START Available data
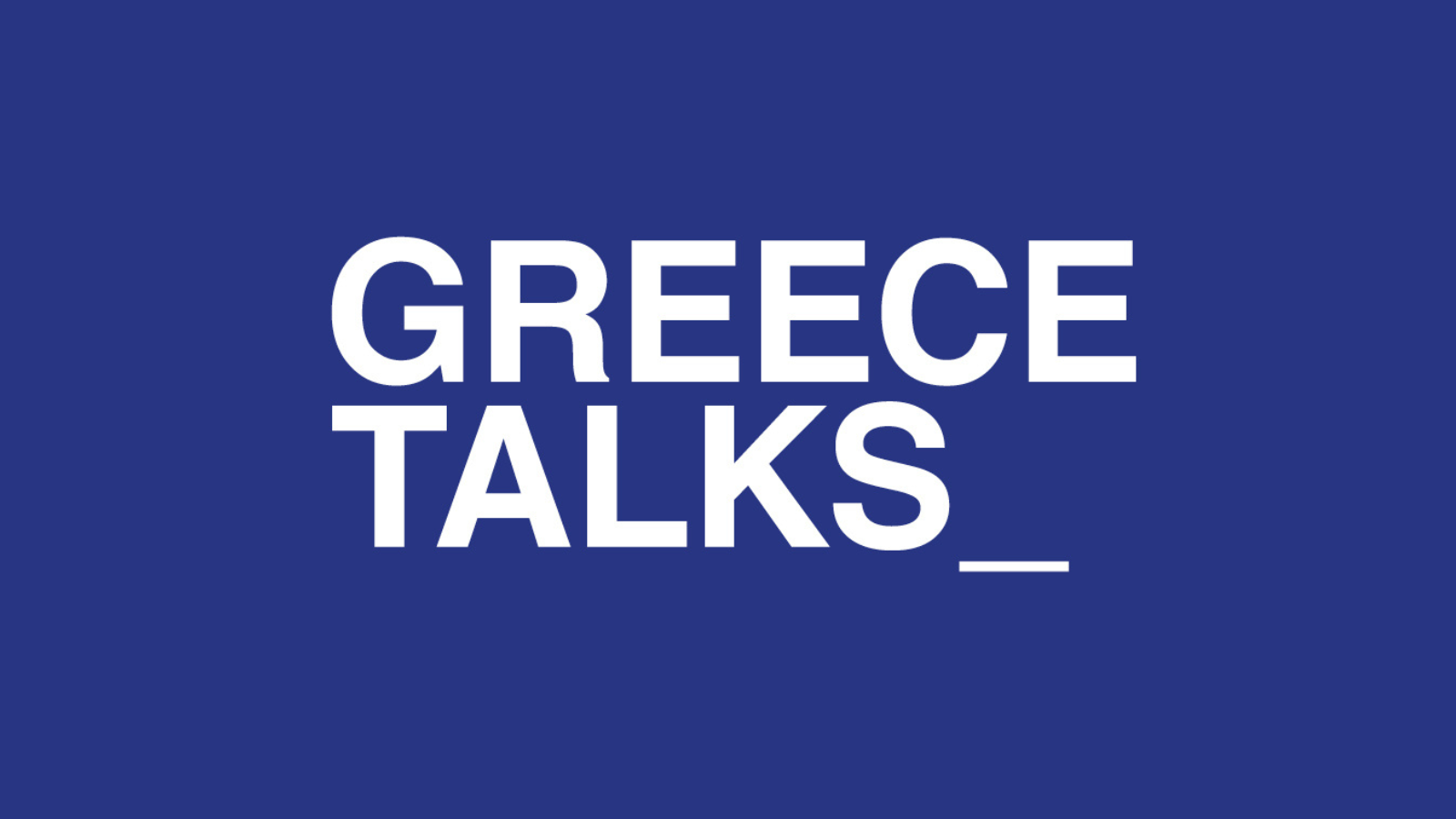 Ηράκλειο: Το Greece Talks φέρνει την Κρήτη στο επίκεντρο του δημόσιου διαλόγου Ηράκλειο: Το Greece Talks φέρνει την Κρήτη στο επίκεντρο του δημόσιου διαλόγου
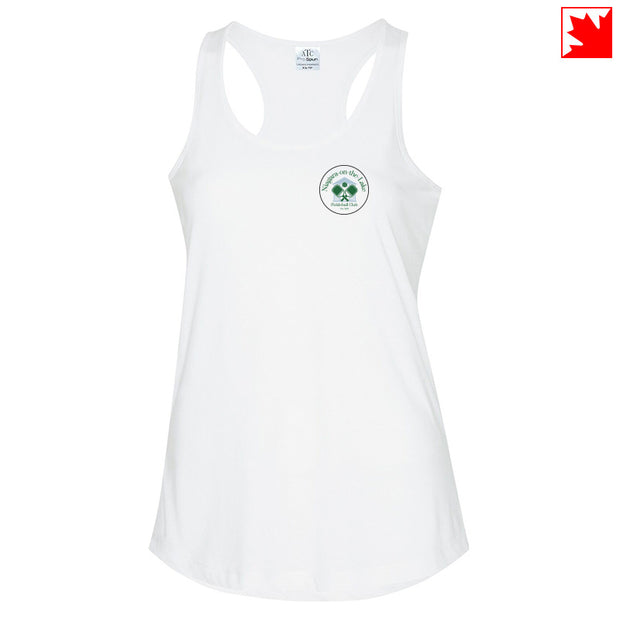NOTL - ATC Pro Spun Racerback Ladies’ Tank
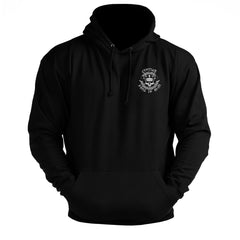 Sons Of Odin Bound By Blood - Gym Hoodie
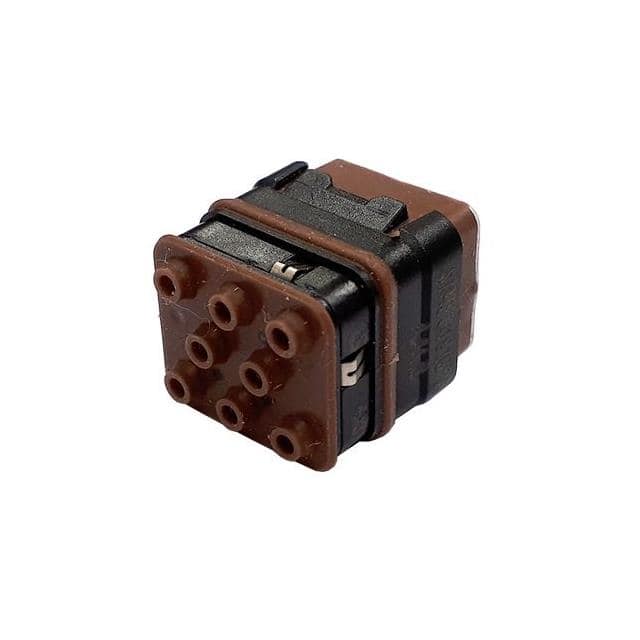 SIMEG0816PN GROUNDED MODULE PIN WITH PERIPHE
END Available data
Activity
The answer is the listing above repeated verbatim, minus its images.

Your solution
 Ηράκλειο: Το Greece Talks φέρνει την Κρήτη στο επίκεντρο του δημόσιου διαλόγου Ηράκλειο: Το Greece Talks φέρνει την Κρήτη στο επίκεντρο του δημόσιου διαλόγου
NOTL - ATC Pro Spun Racerback Ladies’ Tank
 Sons Of Odin Bound By Blood - Gym Hoodie
 SIMEG0816PN GROUNDED MODULE PIN WITH PERIPHE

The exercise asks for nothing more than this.